Le Moi devient, selon une expression de Freud « serviteur de trois maîtres », le Ca, le Surmoi et la réalité. Il est en position centrale ; il est en effet en permanence sollicité par des exigences pulsionnelles, obligé de se défendre des infiltrations déguisées du refoulé, vit dans une crainte des punitions dont le menace le Surmoi, tente de se valoriser par référence à ce que lui propose l’Idéal du Moi, sans céder aux illusions infantiles du Moi Idéal..., tout ceci en tentant de s’adapter à la réalité, celle des choses, des événements, et surtout des personnes.
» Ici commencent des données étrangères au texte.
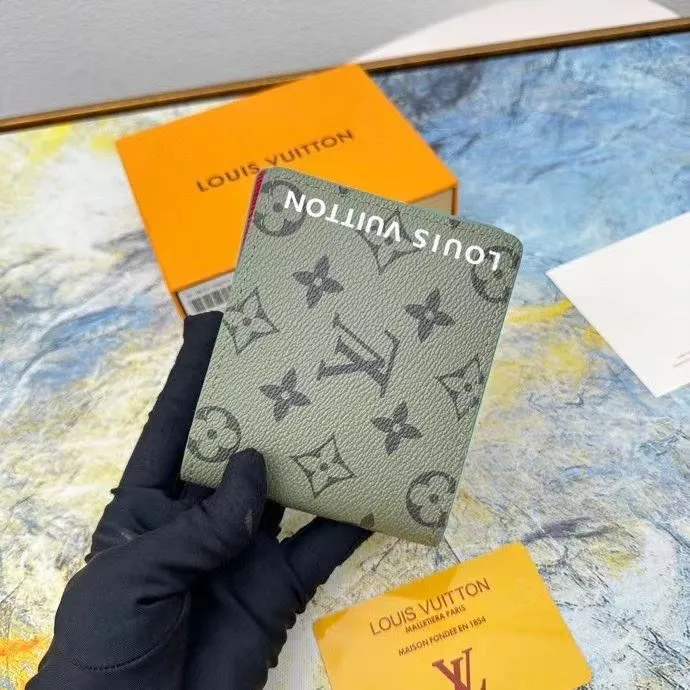 Alternative view of LV Wallets-1549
Tout un ensemble d’obligations et d’interdits sont ressentis comme édictés par une instance extérieure à soi (« il faut », « on ne doit pas », etc.), comme transcendant le Moi, voire extérieure et supérieure, cette caractéristique est essentielle de toute divinité représentative de ce système d’obligations et d’interdictions. Elle est intériorisée comme Surmoi, et devient par là partie intégrante de la personnalité. Le Surmoi tend à se confondre avec ce qu’on nomme usuellement « la conscience morale ». Le Moi et le Surmoi peuvent plus au moins s’accorder, mais ne cessent guère cependant d’être en conflit l’un avec l’autre. Tantôt le Moi se soumet aux obligations et impératifs édictés par le Surmoi, tantôt il proteste, ce qui peut déboucher sur des conduites transgressives et violentes.

Notes
63.

- Pour bien comprendre la vie psychique, il est indispensable de surestimer la conscience. Il faut voir dans l’Inconscient le fond de toute vie psychique. L’Inconscient est le psychique lui-même et son essentielle réalité. Sa nature intime nous est aussi inconnue que la réalité du monde extérieur, et la conscience nous renseigne sur lui d’une manière aussi incomplète que nos organes des sens sur le monde extérieur, S. FREUD, Interprétation des rêves, pp. 519-520.

64.

- L’accumulation du matériel clinique, le développement des discussions théoriques dans une communauté psychanalytique en extension, sans oublier les phénomènes universels tels que les processus de deuil et les phénomènes culturels tragiques mis en évidence par la première guerre mondiale.